To sweep her legs out from under her.
As she did to me in the pool, where she tried to drown me .
It’s small in here, tight, but all the more brutal a battleground for the narrow confines of the cell. If she brought a weapon, she doesn’t use it, though she is a weapon, as am I.
There’s no time to think, to assess, strategize, plan, only to act and I do, over and over, the blows flowing from one blurred motion to the next, her shoulder hitting the wall as she grunts from the impact, my hip rebounding from the bunk as she tosses me down.
Over and over we hit each other, too good to miss, but too good to fall to blows.
She taught me everything I know. Everything. I’m unbound, the raw need to inflict the hurt she’s caused on her at war with the memory of the aunt I love, trust, adore, admire.
Loved. Trusted. Adored. Admired. No longer.
Never again.
She’s slower than I am, barely, her age a factor. But she’s more experienced and, despite my training, she’s better. I know it, have sparred with her many times in the past, and realize that she’s held back all this time. For this moment? For the chance to kill me?

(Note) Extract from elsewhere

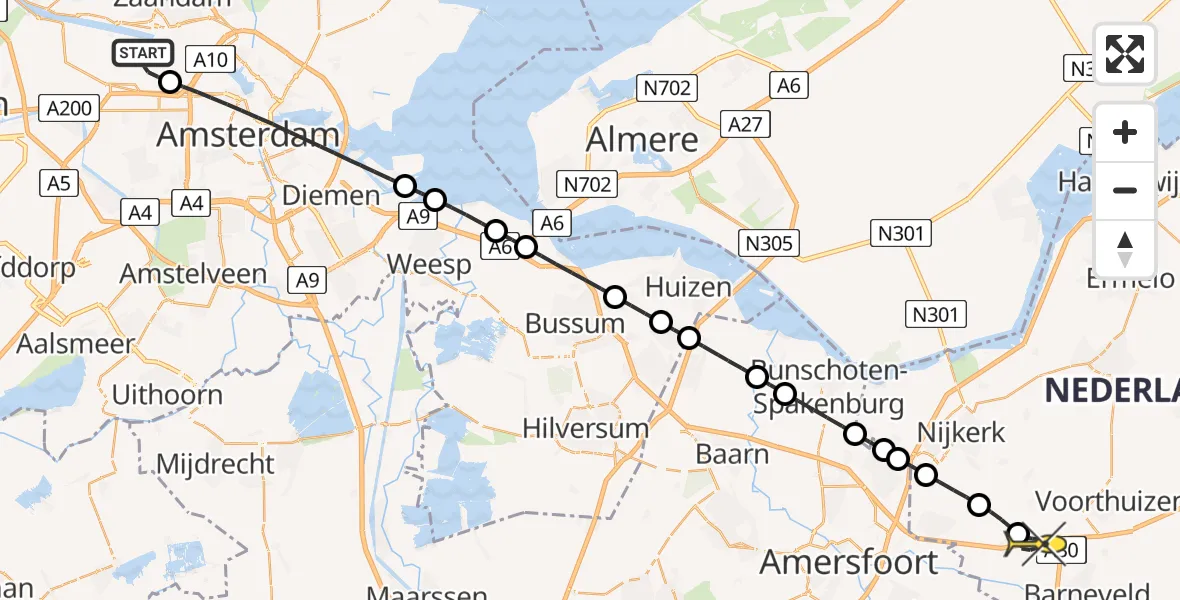 Routekaart van de vlucht: Lifeliner 1 naar Terschuur, Corsicaweg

Aunt—no, Vivenne—has failed before and, by fire and ash, she will again. Except I’m hurt and she’s fresh, I’m half frozen and she’s limber, her movements swift, practiced, honed by countless years of battle.
She ends it with a blow I don’t see coming, and I’m crashing to the ground, her body weight upon me, fingertips pressed to the hollow of my throat. One thrust and I’m dead.
A thrust she doesn’t take. Hesitation defeats her, her eyes locked on mine, not with malice, but with a profound, heartbreaking sadness I choke on as much as the pressure she leans into but doesn’t complete.
It’s enough. For the second time, Vivenne fails her task to kill me. Only this time, I’m ready when she falters.
Panting, furious, and needing nothing more than to take her with me to face my mother in the next life, I jerk forward, taking the hit she hasn’t completed, and crack her nose with my forehead.
Her fingers slide as I do, off the mark, bruising me but not crushing my throat as intended. She’s half-blind from pain, and I’m on top of her, pinning her face down with my limbs trapping hers before I grasp her tightly wound braid and slam her face into the stone.
Once. Twice. Three times, before she goes completely limp.
I lay there and weep into her hair, sobbing my agony, my loss.
Mother. Now Vivenne.
Atlas.
Heald.
I wish I was dead.
“Why?” It’s a guttural grunt more than a word and I speak it less for an answer and more just to get it out of me.
“Remi.” She’s awake, but doesn’t fight when I stiffen, ready to shatter her skull on the stone if I must. “Daughter of my heart… I love you. But I couldn’t let you.” She coughs softly. “Ruin everything.”
Blind rage wants to twist her head on her neck and end it. “Mother,” I whisper. “You betrayed her.” Not who I thought she was at all. “Is Amber dead?”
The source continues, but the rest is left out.